Ich bin mir ziemlich sicher, dass deshalb bei den anderen öffentlich-rechtlichen Rundfunkanstalten derzeit wohl einige Führungskräfte unter Schlafstörungen leiden – weil sie Angst haben, auch sie könnten in die Schusslinie geraten. Sie werden daran interessiert sein, dass das System nicht verändert wird und alles so bleibt wie es ist – und deshalb versuchen, den Skandal beim rbb als moralisches Versagen einer einzelnen Person darzustellen. Darauf sollte sich die Öffentlichkeit nicht einlassen und auf Veränderungen am System des öffentlich-rechtlichen Rundfunks bestehen.

Die Standhaftigkeit der Seele teilt sich dem Körper mit

Zum Schluss noch eine Frage. Ist das alles ein Grund zum Verzweifeln, weil die Demokratie offenbar so schlecht funktioniert? Ich meine nein und sehe das Glas halb voll anstatt halb leer. Demokratie muss sich immer wieder erneuern, um lebendig zu bleiben. Warum soll es nicht möglich sein, dass vielleicht schon bald wieder ein Politiker vom Schlage eines Willy Brandt die Menschen für Politik und Demokratie begeistert? Aber dies wird es nur geben, wenn wir alle bereit sind, uns – in welcher Form auch immer – für demokratische Politik zu engagieren. Und vor allem: Wenn wir uns nicht einschüchtern lassen, sei es durch politisch korrekte Sekten, die wie zu Zeiten der Inquisition über Andersdenkende herfallen, oder eine Regierung, die versucht, ihre Kritiker zu Staatsfeinden zu erklären.
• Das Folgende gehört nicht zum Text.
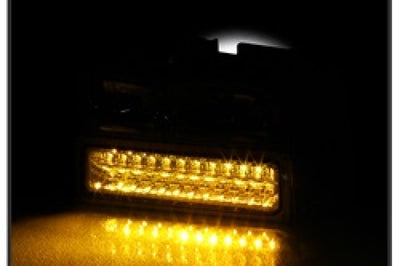 SPYDER Xtune 92-94 Blazer Full Size Corner/LED Bumper Headlights Chrome HD-JH-CCK88-LED-AM-C-SET - Lights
Darüber hinaus ist es notwendig, sich mit anderen ähnlich denkenden Menschen zusammenzutun. So wie die Mitarbeiter des NDR es getan haben. Sie wehrten sich erfolgreich mit dem Redaktionsausschuss gegen das nicht hinnehmbare Verhalten der Führung. Macht ist ein Prozess und nichts Statisches. Wer heute vermeintlich unangreifbar an den Hebeln der Macht sitzt, kann schon morgen gezwungen sein, auf der Anklagebank Platz zu nehmen. Siehe Patricia Schlesinger. Und wenn politisches Engagement auch anstrengend ist und man damit aneckt: Es tut auch gut. Denn wie der spanische Jesuit Balthasar Gracián in seinem Buch „Handorakel und Kunst der Weltklugheit“ in Aphorismus Nr. 90 feststellt: „Die Standhaftigkeit der Seele teilt sich dem Körper mit“. Mit anderen Worten: Es tut der Gesundheit gut, die eigene innere Wahrheit auch nach außen hin zu leben, anstatt sie im Interesse von Konfliktlosigkeit im äußeren Leben zu unterdrücken. Wer sich immer nur anpasst, den belohnen Eltern, Lehrer und Chefs. Wer sich auch mal widersetzt, den belohnt das Leben.